You can grab it at: https://www.viciousantelope.com/product-page/orange-dream-vol-2-diva
Intro price 6,00€ until July 31, 2022 (Normally 11,99€)

*Presets Walkthrough Video*







Presets were designed with Diva 1.4.4 (Rev.9709) and run best with Diva 1.4.4 (Rev.9709) or newer


----------



## Vicious Antelope (Jul 27, 2022)

*New Massive X soundbank has been released*

*Perihelion* is a 50 presets soundset that explores mainly the bright side of Massive X synth. Its sound is influenced by the 90's workstation hardware synthesizers. Here there are some classic atmos, some weird keys and bright polysynths.

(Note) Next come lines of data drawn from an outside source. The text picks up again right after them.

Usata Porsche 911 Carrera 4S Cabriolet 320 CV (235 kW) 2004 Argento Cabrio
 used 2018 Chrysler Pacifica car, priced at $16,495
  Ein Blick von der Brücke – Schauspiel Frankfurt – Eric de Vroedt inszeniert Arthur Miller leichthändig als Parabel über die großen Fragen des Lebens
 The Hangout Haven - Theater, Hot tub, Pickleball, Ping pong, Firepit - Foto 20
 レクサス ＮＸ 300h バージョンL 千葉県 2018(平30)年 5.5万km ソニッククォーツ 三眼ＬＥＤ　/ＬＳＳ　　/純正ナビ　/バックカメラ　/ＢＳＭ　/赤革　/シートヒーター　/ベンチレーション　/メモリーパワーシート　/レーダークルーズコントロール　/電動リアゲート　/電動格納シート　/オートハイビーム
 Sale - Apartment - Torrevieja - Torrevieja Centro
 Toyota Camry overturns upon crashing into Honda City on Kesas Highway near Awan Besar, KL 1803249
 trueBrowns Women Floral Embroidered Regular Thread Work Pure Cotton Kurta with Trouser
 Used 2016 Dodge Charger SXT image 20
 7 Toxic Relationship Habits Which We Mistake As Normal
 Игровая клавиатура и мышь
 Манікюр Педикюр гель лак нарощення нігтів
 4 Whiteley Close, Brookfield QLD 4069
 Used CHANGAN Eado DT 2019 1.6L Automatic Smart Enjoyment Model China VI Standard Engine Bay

You can grab it at: https://www.viciousantelope.com/product-page/perihelion-massive-x
Intro price 5,99€ until July 31st, 2022 (Normally 11,99€)

*Introduction video*


*Presets walkthrough video*







Presets were designed with Massive X 1.3.5 (R238) and runs better with Massive X 1.3.5 (R238) or newer edition


----------



## Bee_Abney (Jul 27, 2022)

Vicious Antelope said:


> *New Massive X sounbank has been released*
> 
> *Perihelion* is a 50 presets soundset that explores mainly the bright side of Massive X synth. Its sound is influenced by the 90's workstation hardware synthesizers. Here there are some classic atmos, some weird keys and bright polysynths.
> 
> ...



I can't keep up with your releases; but the quality hasn't dropped at all! This one is definitely of interest.


----------



## Vicious Antelope (Jul 27, 2022)

Bee_Abney said:


> I can't keep up with your releases; but the quality hasn't dropped at all! This one is definitely of interest.


    

Thanks a lot. I am very glad you find my soundbanks of high quality.

Massive X is a beast synth I think


----------



## Bee_Abney (Jul 27, 2022)

Vicious Antelope said:


> Thanks a lot. I am very glad you find my soundbanks of high quality.
> 
> Massive X is a beast synth I think


It very much is! I'm always glad when it gets some attention.


----------



## sean8877 (Jul 27, 2022)

Always glad to see a new Massive X sound bank also, VA has a lot of great soundsets and very fair prices. Highly recommend.


----------



## Vicious Antelope (Jul 27, 2022)

sean8877 said:


> Always glad to see a new Massive X sound bank also, VA has a lot of great soundsets and very fair prices. Highly recommend.


I cannot find the right words to thank you


----------



## Vicious Antelope (Jul 28, 2022)

*New Omnisphere 2 patches release*

*Zeus* is the first soundbank of our new series for Omnisphere 2 under the name 12 Gods.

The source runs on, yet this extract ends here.